I acknowledge that waiting until age 70 isn’t for everyone. For example, if you’re in poor health or don’t have other retirement assets (like a 401k) to live on while you wait, it can make sense to claim earlier. But I believe that for many families, these are exceptions. Most retirees should strongly consider waiting until age 70 to claim. It makes too much financial sense to do otherwise.

3. Consider your spousal benefit vs. earner benefit

Anyone considering claiming their Social Security benefit has two options. They can claim their earner benefit (the benefit they’ve earned based on their taxable wages over time), or they can claim their spousal benefit (which is ½ of the household’s earner’s benefit). In many cases, a couple can download their latest Social Security statement online and see whether it makes sense to claim their earner benefit or their spousal benefit. But this decision isn’t always clear-cut.

For example, consider a husband and wife couple. The husband has historically been the primary earner in the family. He’s worked at the same job for most of his career and received cost of living wage increases over that time. The wife worked at a bank from age 21 to 25, but most of her earning years are at zero since after age 25 her time was spent at home raising their children.

Suppose at age 50, the wife starts to work professionally and the kids are out of the house. The wife, in this case, could have an additional 17 years of earnings by the time she claims her benefit. Depending on how her earnings compare to her husband’s, it’s not impossible for her Social Security benefit to exceed half of her spouse’s benefit, making it more lucrative for her to work and claim her own earner benefit rather than simply claiming her spousal benefit.

It’s worth the effort to think through the pros and cons of claiming your spousal benefit rather than earning your own benefit.

4. Follow the “Thrive at 35” rule

How exactly does the Social Security Administration determine what your monthly benefit will be? The answer is complex and outside the scope of this article, but one of the key factors (in addition to how much you earn, see #1) is how many years you work. The Social Security Administration looks at your 35 highest earning years to help determine your final monthly benefit. I call this the “thrive at 35” rule. If you’ve only worked 30 years, working another 5 can make a big impact on your benefit. Otherwise those missing 5 years of earnings are considered years when you earned zero.

Also, note that earlier I said your “highest” 35 years. This means that if you’ve worked 40 years and if during years 36 to 40 you earned more than years 1-35, those later, higher earning years can replace some of your lower earning years.

An example of a worker’s 40 year earning history (with zero earnings in years 1986 through 1990).

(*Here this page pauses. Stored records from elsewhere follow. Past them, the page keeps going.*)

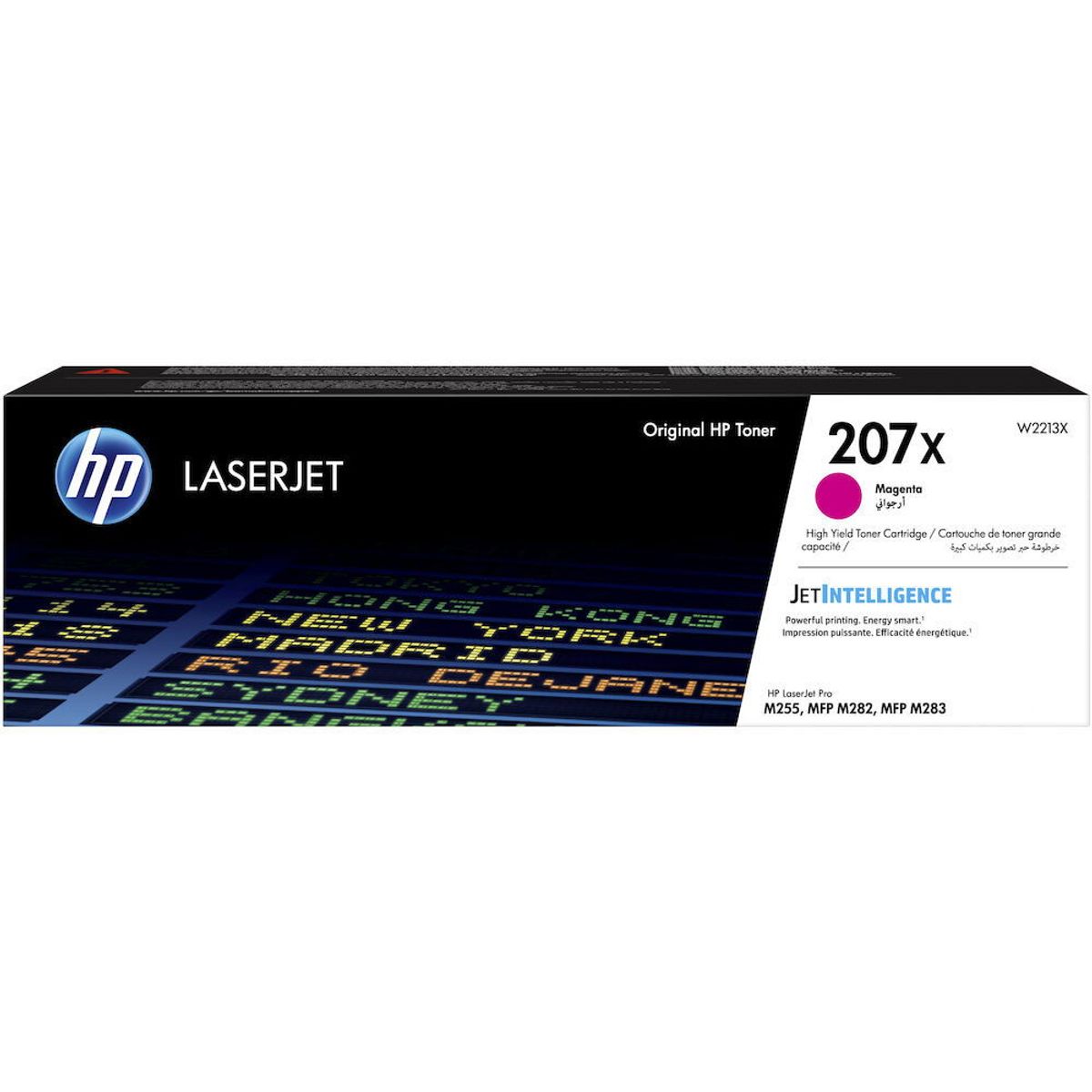 HP 207X toner magenta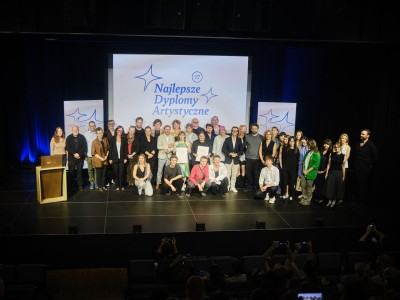 Laureaci i laureatki 17. edycji konkursu Najlepszych Dyplomów Artystycznych, zdj. Mateusz Pieniążek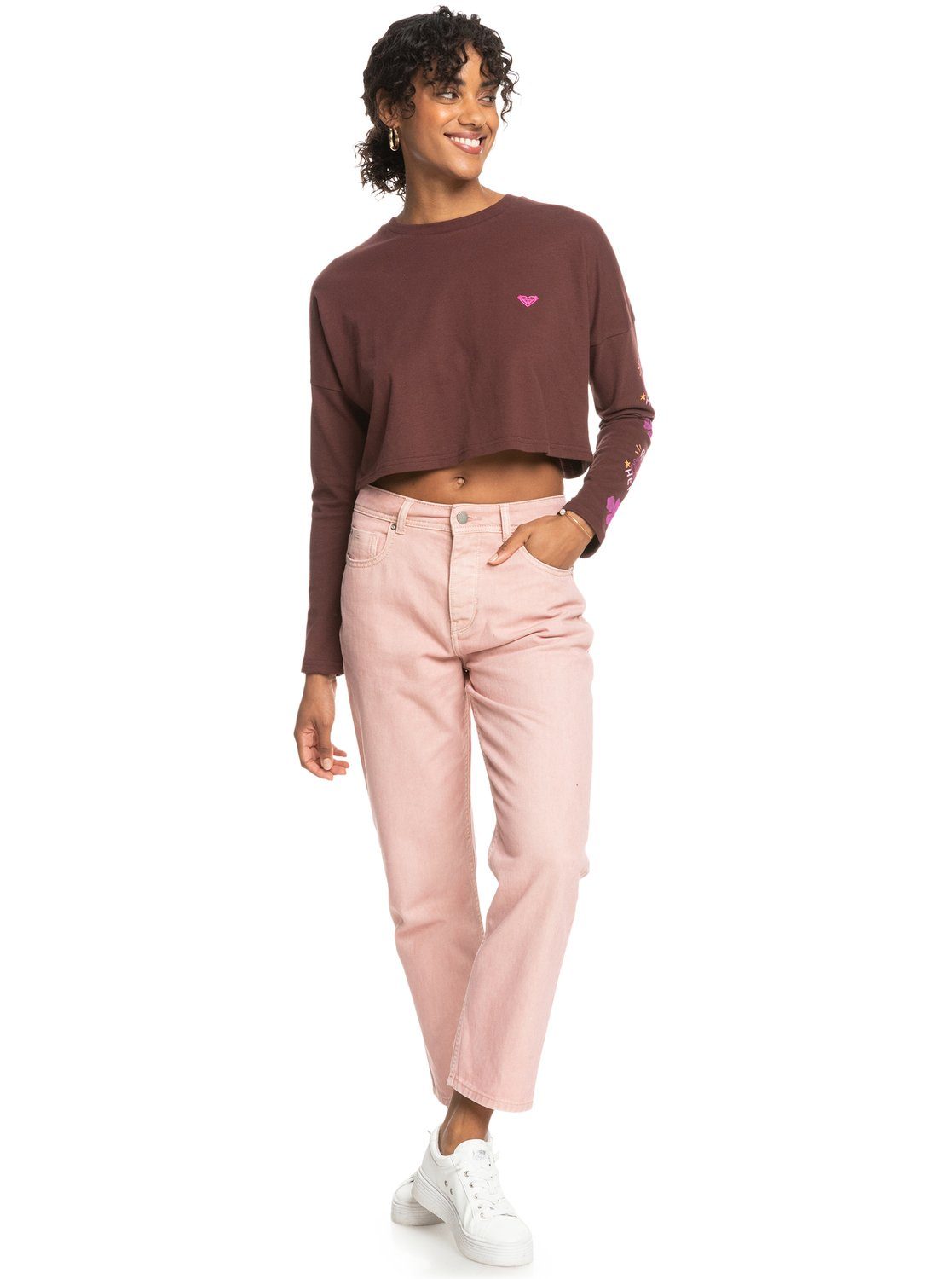 Roxy Shirt met lange mouwen Desire To Love B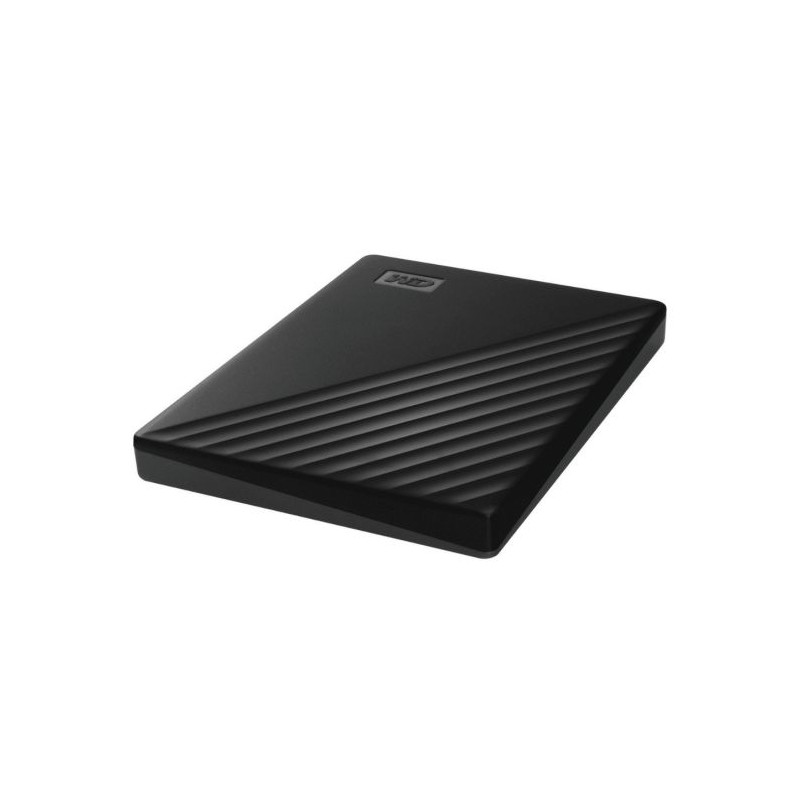 Zunanji trdi disk 2.5 2TB USB 3.0 WD MY Passport, črn, WDBYVG0020BBK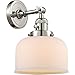 Innovations 203SW-PN-G71 1 Light Sconce with a High-Low-Off Switch, Polished Nickel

The higher earning years between 2016 and 2020 can replace the zero earning years, raising this person’s Social Security benefit.

An example of a worker’s 40 year earning history (with zero earnings in years 1986 through 1990). The higher earning years between 2016 and 2020 can replace the zero earning years, raising this person’s Social Security benefit.

I don’t know about you, but in my case I had some years where I didn’t earn much money at all (especially as a new college graduate) and even a year or two of unemployment. Replacing a low or zero earning year with one where you’ve earned much more can make a big difference to your overall Social Security benefit.

I hope this article has been helpful to you. It’s worth the effort to get your Social Security benefit right. While it should only make up around 30 to 40% of your total income during retirement, for many of us it may need to make up substantially more than that. In this case, it makes sense to try to maximize this benefit as much as possible by earning more taxable wages, waiting until age 70 to claim your earner benefit, consider the spousal vs. earner benefit, and get at least 35 years of earnings before you claim your benefit.